Многие относились к Наполеону с благоговейным ужасом, одни – как к святому, другие – как к дьяволу. В те дни Екатерина Вюртембергская писала своему мужу Жерому Бонапарту: «…его скорое продвижение по Франции несет на себе отпечаток чудесного. Никто никогда не видел ничего подобного! Какой гений! Какой человек! Велико искушение
Зато лондонская «Таймс» сообщала своим читателям: «Вчера рано утром мы получили экспресс-почтой из Дувра важное, хотя и прискорбное сообщение о гражданской войне, которая вновь развязана во Франции мерзким Наполеоном, чью жизнь так непредусмотрительно сохранили союзники. Теперь похоже, что лицемерный негодяй, который во времена своего трусливого отречения разыгрывал отвращение к кровопролитию, проводил время на острове Эльба в предательских секретных интригах с помощью своих подручных во Франции…»
Но самое любопытное, как по мере приближения Наполеона к Парижу меняется тон сообщений во французских газетах: «Изверг рода человеческого улизнул из ссылки… Корсиканский оборотень высадился под Каннами… Ему навстречу посланы войска, он кончит свои дни в горах как жалкий авантюрист… Чудовище благодаря предательству добралось до Гренобля… Тиран был в Лионе, ужас сковал всех и вся… Узурпатор решился приблизиться к столице на шестьдесят часов марша… Бонапарт шагает семимильными шагами, но никогда не дойдёт до Парижа… Завтра Наполеон будет у городских стен… Его Величество император прибыл в Фонтенбло».
Какой урок властителям, верящим в искренность газетной хулы и хвалы!
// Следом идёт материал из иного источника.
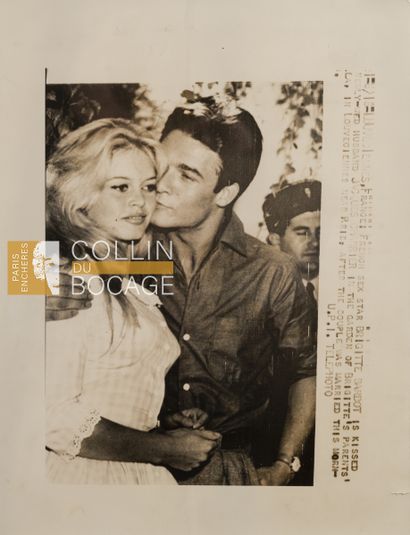 null BRIGITTE BARDOT
Trois tirages argentiques d'époque du mariage de Brigitte Bardot...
Наполеон относился к газетам с иронией, хотя, когда в этом была необходимость, пользовался их услугами.
Ну а насчёт того, что он никогда не дойдёт до Парижа… Он прибыл в Париж 20 марта, в четвертый день рождения своего обожаемого сына, короля Рима. Как обещал в тот момент, когда ступил на французскую землю.
Париж встретил его восторженно (не так ли недавно встречал Александра?!).
Из толпы несётся ликующий клич: «Vive l’Empereur!» Солдаты, обнажив сабли, вынуждены защищать императора от угрожающих его жизни выражений восторга. Они подымают его на руки и благоговейно несут свою священную добычу, великого бога войны, сквозь неистовствующую толпу вверх по лестнице, в старый дворец. На плечах своих солдат, с закрытыми от избытка счастья глазами и странной улыбкой лунатика на устах снова подымается на императорский трон Франции тот, кто ещё двадцать дней тому назад был изгнанником, покинувшим Эльбу. Но встречать его не явились почти все маршалы, нет среди встречающих министров самого умного и ловкого – Талейрана…
Зато пришёл на торжественную встречу Жозеф Фуше. Ни умом, ни вероломством он не уступает Талейрану. Наполеон знает, что этот человек покинет его в самый опасный момент, как он покинул и предал жирондистов, террористов, Робеспьера и термидорианцев, так же как он предал Барраса, Директорию, Республику и Консульство. Однако отвергнуть Фуше, сделать его своим явным врагом в такой тревожный момент не решается даже Наполеон. Он назначает Фуше министром, предпочитая услуги умного, хотя и ненадёжного министра услугам министра верного, но недалекого.
Альфонс де Ламартин, известный поэт-романтик и не менее известный политический деятель, давний противник Фуше, вынужден отдать должное позиции, которую занял новый (старый) наполеоновский министр: «Будучи зажат в жестокие тиски между Наполеоном, приносившим в жертву своим личным интересам интересы отечества, и Францией, не желавшей идти на гибель ради одного человека, Фуше запугивал императора, льстил республиканцам, успокаивал Францию, подмигивал Европе, улыбался Людовику XVIII, вел переговоры с европейскими дворами и политическую игру с господином Талейраном… Это была необычайно трудная, столь же низкая, сколь и возвышенная роль, не отличающаяся благородством, но не лишенная любви к отечеству и героизма, роль, в которой подданный поднялся до уровня своего повелителя, министр превзошёл властелина».